◆ **Record extracts**:
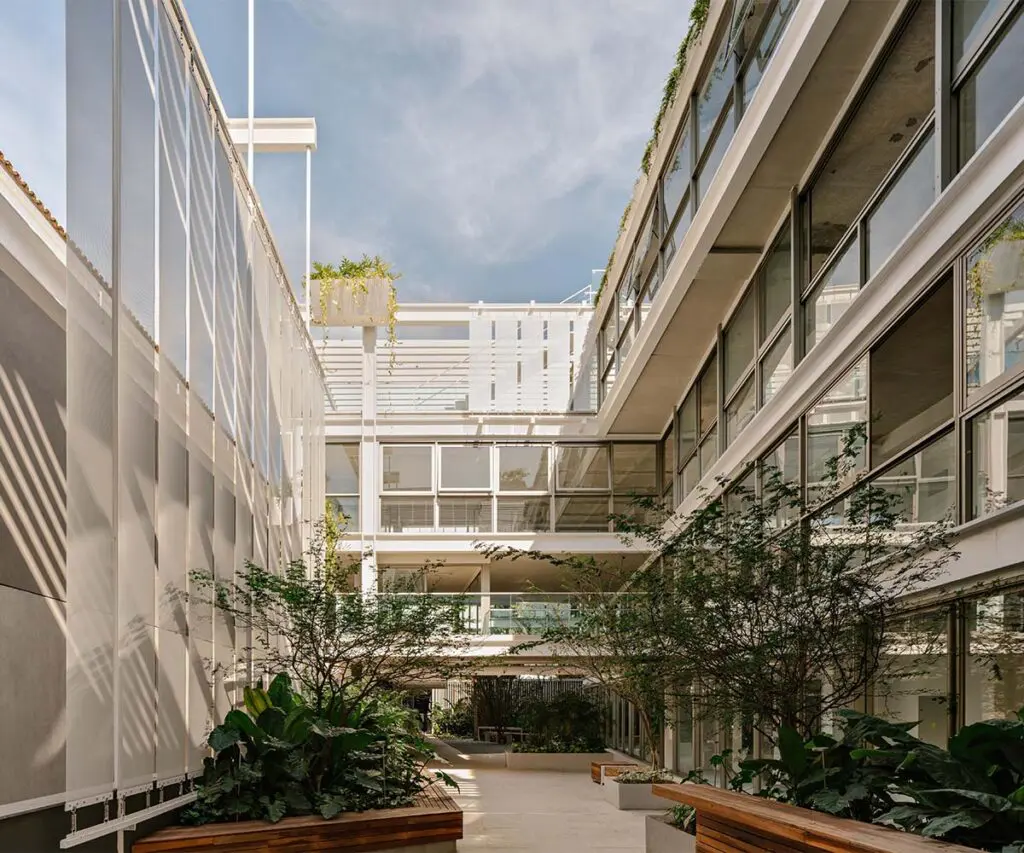 Una nueva forma de trabajar: un edificio donde la ciudad, el paisaje y la oficina son un solo espacio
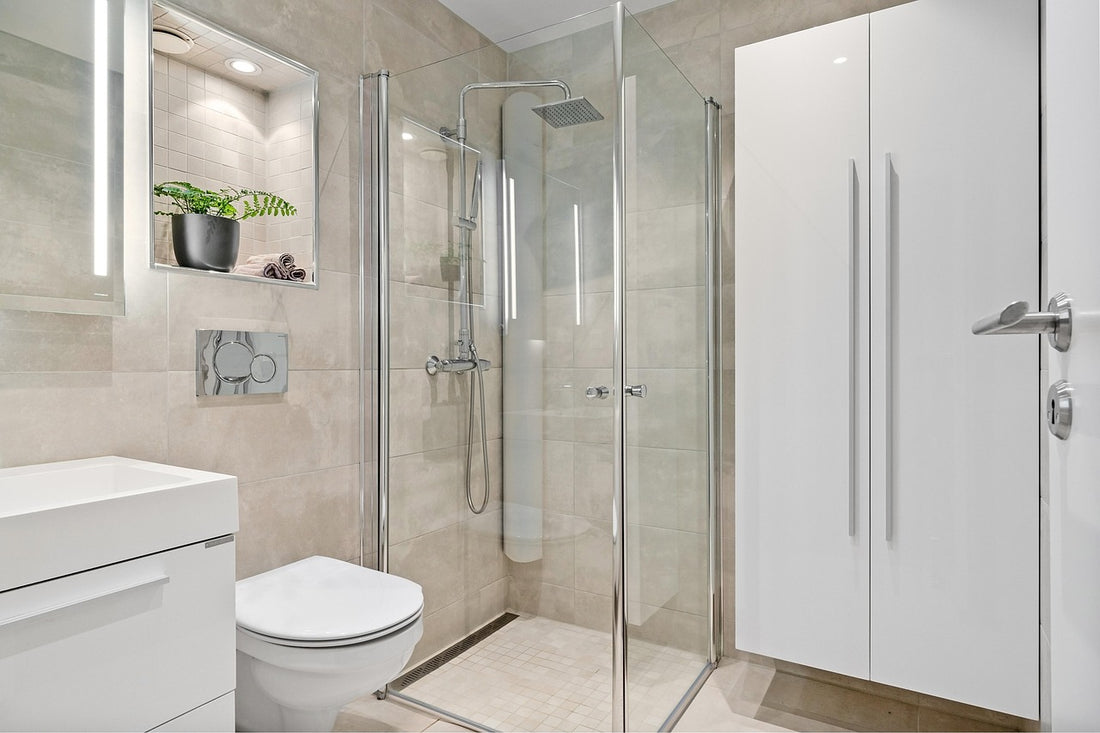 C&oacute;mo limpiar la mampara de la ducha de cristal en un ba&ntilde;o moderno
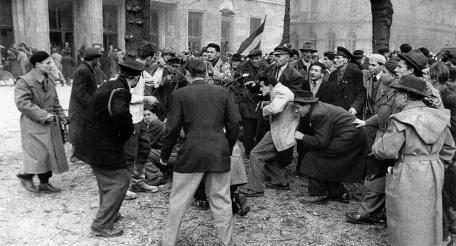 Используя 70-ю годовщину событий 22-23 октября 1956 года, западные пропагандисты пытаются вновь вбивать клинья между Москвой и Будапештом, пытаясь навязать русским чувство вины за спасение Европы от фашистской чумы в ее хортистско-имренадевской оболочке.
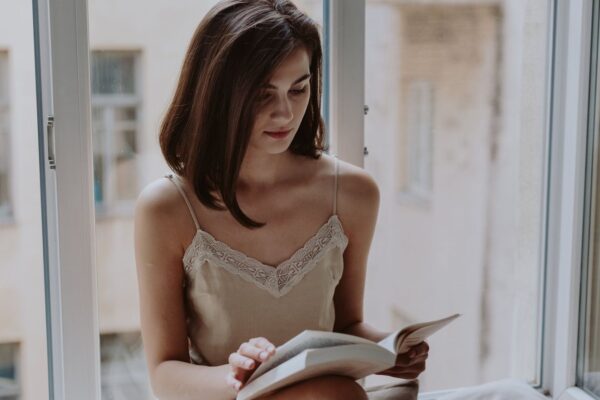 Préférer la solitude à une vie sociale : choix sain ou signal d&rsquo;isolement ?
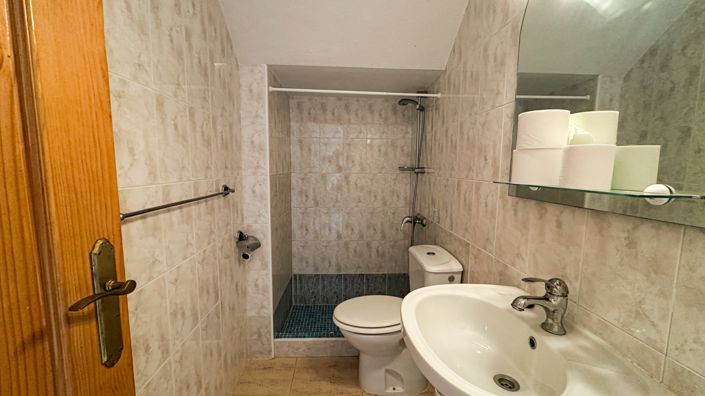 Image No.22-2 Bed Townhouse for sale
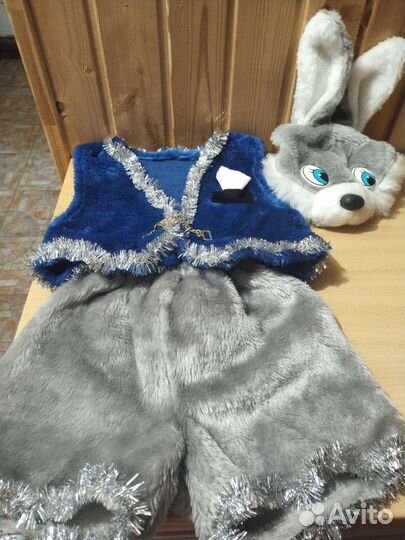 Новогодний костюм зайчика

◆ **Goal of the exercise**: Only the lines from the one containing "Préférer la solitude" through the last line of the data belong in the copy, both included and reproduced exactly. Pictures do not.

◆ **Written reply**:
 Préférer la solitude à une vie sociale : choix sain ou signal d&rsquo;isolement ?
 Image No.22-2 Bed Townhouse for sale
 Новогодний костюм зайчика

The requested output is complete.